WORK TO COMPLETE
Word for word, copy the listing below and leave out its images.

RECORDED INFORMATION
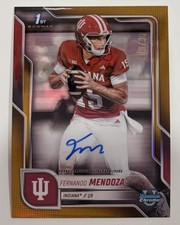 2025 Bowman Chrome U Fernando Mendoza Gold Refractor Auto /50 Las Vegas Raiders
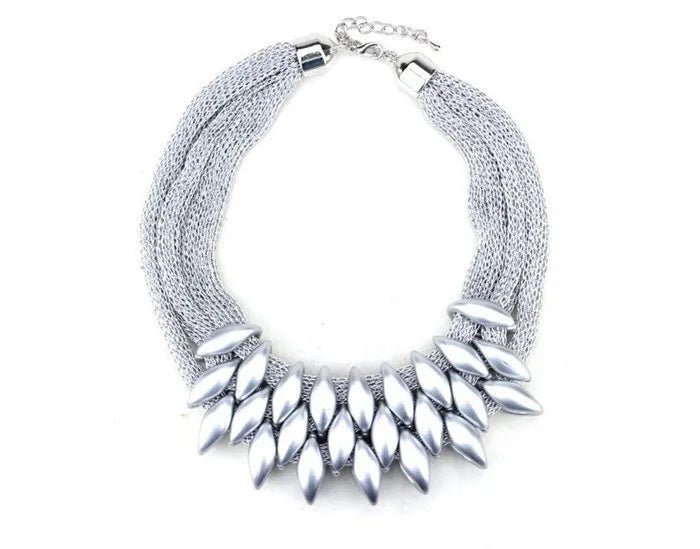 Bohemian Luxury Gold Color Net Chain Chunky Statement Necklace Women Boho Floating Charm Choker Female Jewelry Party Gift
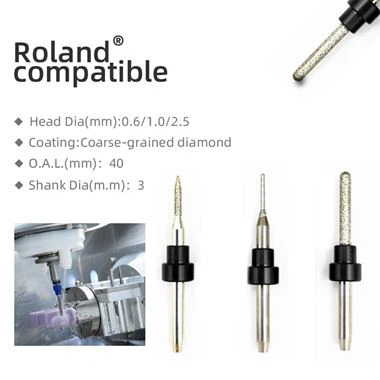 Lithiumdisilikatkværneværktøj til Roland {{0}}.6MM 1.0MM 2.5MM|3MM SKAFT (SIC COATET)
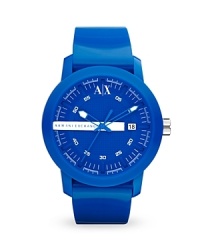 Armani Exchange encourages you to embrace your sporty side with this glossy rubber watch. Boldly styled and designed for maximum durability, it's a game changer. Armani Exchange encourages you to embrace your sporty side with this glossy rubber watch. Boldly styled and designed for maximum durability, it's a game changer.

SOLUTION TO THE PROBLEM
 2025 Bowman Chrome U Fernando Mendoza Gold Refractor Auto /50 Las Vegas Raiders
 Bohemian Luxury Gold Color Net Chain Chunky Statement Necklace Women Boho Floating Charm Choker Female Jewelry Party Gift
 Lithiumdisilikatkværneværktøj til Roland {{0}}.6MM 1.0MM 2.5MM|3MM SKAFT (SIC COATET)
 Armani Exchange encourages you to embrace your sporty side with this glossy rubber watch. Boldly styled and designed for maximum durability, it's a game changer. Armani Exchange encourages you to embrace your sporty side with this glossy rubber watch. Boldly styled and designed for maximum durability, it's a game changer.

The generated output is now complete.